But in this case, what is there in the nature of things, that forbids the idea of Christ’s dying for all? Surely he might die for all, if he pleased. He claims a right to do his will, or the will of the Father; and who shall forbid him, or dare to murmur at the universality of his death? None could have been saved, unless Christ had shed his blood, and poured out his foul unto death; and he could die for all, as easily as for one, or a few. This reasonable argument is sufficient to convince any person, that he died for all, unless the Scriptures declare the contrary; and if they do, let the passage be pointed out, and I have done. But after many public and private challenges to produce one, that declares, he did not die for all, none has been found. Why, then, do any maintain, contrary to reason, and the letter of Scripture, that he died for a part only, and not for the whole? But let us remember, that St. Paul was not only an excellent orator, but an exact logician; and if the word was ambiguous in itself, he, by defining the extent of it, and letting us know in what sense he used it, has reduced it to a certainty.
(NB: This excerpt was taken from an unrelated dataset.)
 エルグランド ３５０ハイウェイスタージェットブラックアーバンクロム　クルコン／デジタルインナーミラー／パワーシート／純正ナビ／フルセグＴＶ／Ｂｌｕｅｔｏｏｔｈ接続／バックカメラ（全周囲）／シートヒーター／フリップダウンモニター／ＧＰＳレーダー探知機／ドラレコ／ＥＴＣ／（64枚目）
“Thou hast put all things in subjection under his feet. For in that he put all in subjection under him, he left nothing that is not put under him. But now we see not yet all things put under him.” (Heb. 2:8)
Here he lays down the rule, by which we must understand him in his writings, when speaking of these great matters. It is evident, that he uses the word all mathematically; as the whole, consisting of, and being equal to all the parts. Now should St. Paul use the expression, all things, in a limited sense, after telling us, that nothing could be left out, where all things were included, without letting us know in the context, that he used the word all, in an improper, or limited sense, what must we think of his character, either as a divine or a logician? He mentions the same universal subjection, in 1 Cor. 15:27. But there he expressly makes one exception to the rule, and by making that one, which must be self-evident, he hath for ever put it out of our power to make another. “For he hath put all things under his feet.” But when he saith, “all things are put under him”, it is manifest, that He is excepted, who did put all things under “him”. That is, God the Father is excepted, and he alone, nothing else in heaven above, nor on the earth beneath, nor throughout the vast dominion of Jehovah.
With this rule before us, we will examine St. Paul’s writings, and see if we can find how extensive the death of Jesus was. And, glory to God! We find, that while the Apostle had the rule that he had laid down, immediately in his view, when he had just declared, that all things, intended ALL without exception, and that nothing was left out (but God the Father, as in another place, and the same must neceslarily be understood here), he directly asserts, that though we do not yet see all things put under him, that is, brought into a willing subjection to him, for in every other sense they are now put under him: “But we see Jesus, (says he); who was made a little lower than the angels, (or, for a little time, lower than the angels) for the suffering of death, crowned with glory and honor; that he, by the grace of God, should taste death for παντὸς, all.” (Heb. 2:9).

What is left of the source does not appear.